Pour chaque bar fermé par les autorités, plusieurs autres, illégaux, ouvrent.

La consommation d'alcool a augmenté de 10% l'an dernier, selon le président de l'Association des producteurs de boissons algérien (APAB), Ali Hamani.

Un sanglier alcoolique

En Kabylie, à l'est d'Alger, pas question de renoncer au ballon de rouge ou à sa bière. Du coup, les bistrots sans licence, considérés comme «clandestins», ont pignon sur rue.

«J'ai demandé un permis et je ne l'ai pas eu. Maintenant je n'en veux plus. En Algérie, les papiers amènent les problèmes», affirme Arezki Lagha, moustache et boucle à l'oreille.

Son bar proche de la ville kabyle de Tizi Ouzou a une terrasse au décor de caverne et est devenu populaire à cause de son sanglier apprivoisé, abattu par erreur l'an dernier, qui avalait des dizaines de bières en une soirée.

«L'Algérie n'a jamais été islamiste. Musulmane, c'est sûr -Tizi Ouzou a la plus grande concentration de mosquées en Algérie- mais pas islamiste», affirme Ammar Lagha, architecte, en costume et cravate.

«Ici, boire quelques verres ensemble c'est comme une façon de combattre l'islamisme», affirme-t-il.

La Charia (loi coranique) n'est pas appliquée, mais nombre d'Algériens craignaient une importante percée islamiste dans la foulée des pays du Printemps arabe. Les islamistes ont remporté 59 sièges, comme dans la précédente assemblée, sauf que la nouvelle comprend 73 sièges de plus.
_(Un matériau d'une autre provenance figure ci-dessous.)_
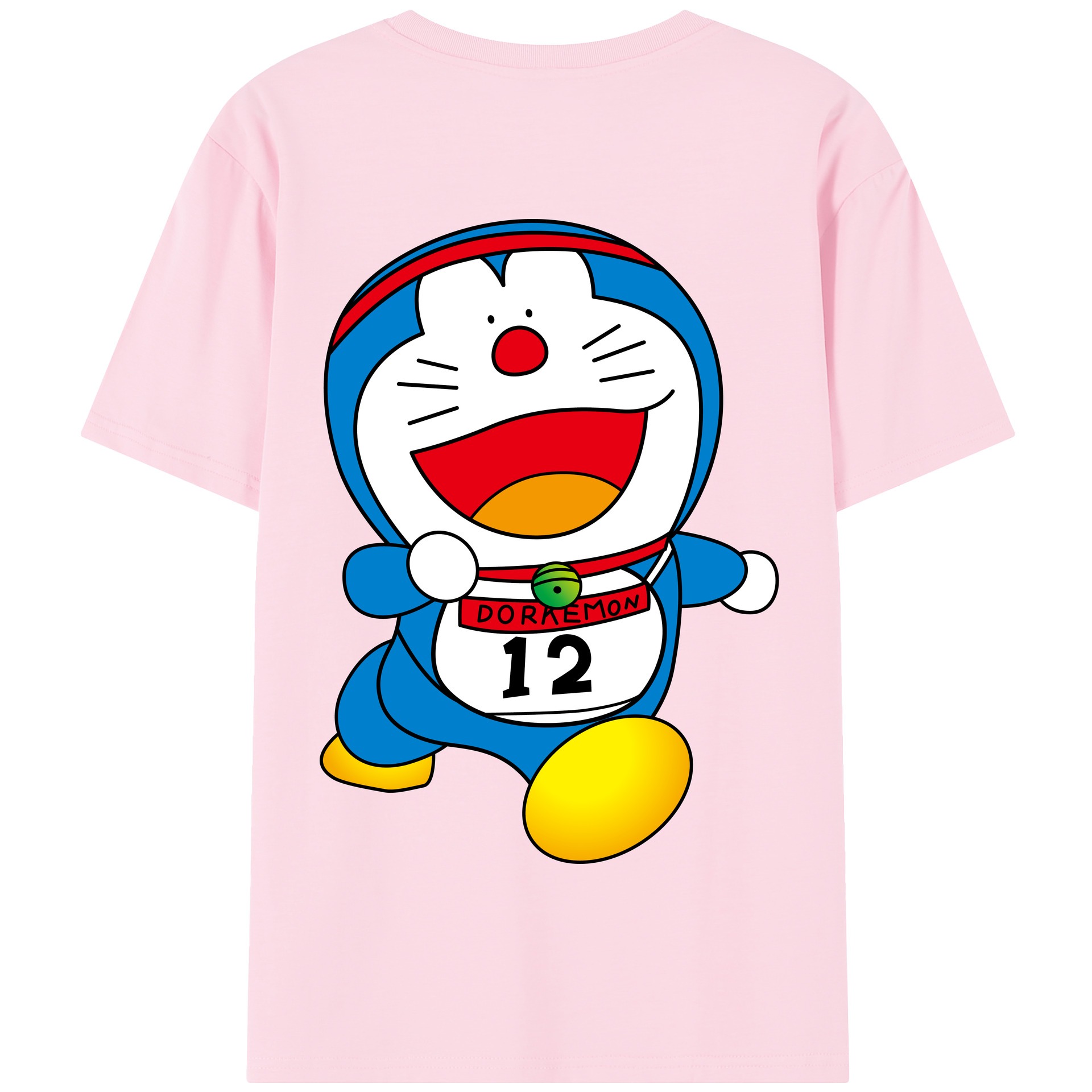（画像用） ドラえもん Doraemon 綿100％半袖Tシャツ（背面プリント）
Pour nombre d'analystes, le pouvoir joue avec eux à la fois au pyromane et au pompier.

«C'est une relation complexe... mais il y a consensus entre l'État et les islamistes pour utiliser la religion à des fins politiques», juge Hocine Belalloufi, auteur d'un nouveau livre sur la politique algérienne.

L'administration Bouteflika a introduit l'appel à la prière à la télévision et à la radio, interrompant cinq fois par jour les programmes, et a lancé l'édification à Alger de la troisième plus grande mosquée du monde.

Pour Lila Hadjarab, députée sortante, il a fait d'autres concessions aux religieux: le FLN est devenu «le principal parti islamiste d'Algérie».

Dans les années 1970, feu le président Houari Boumediene avait fait arracher la majorité des vignes plantées par les Français, après leur décision d'arrêter l'importation du vin algérien, une décision applaudie par les islamistes.

Durant la guerre civile des années 90 contre les islamistes qui avaient décrété la tolérance zéro contre l'alcool, la consommation avait atteint des sommets.

Arrivé au pouvoir en 1999, Abdelaziz Bouteflika a mené une réconciliation nationale et les mesures contre l'alcool sont revenues.

«Quoi qu'ils fassent, ils ne pourront pas éradiquer l'alcool... mais cette islamisation générale est en train de créer de nouveaux problèmes», juge Ali Hamani.

«La prohibition aux États-Unis a eu des conséquences: prostitution, drogue et banditisme risquent de prendre de l'ampleur».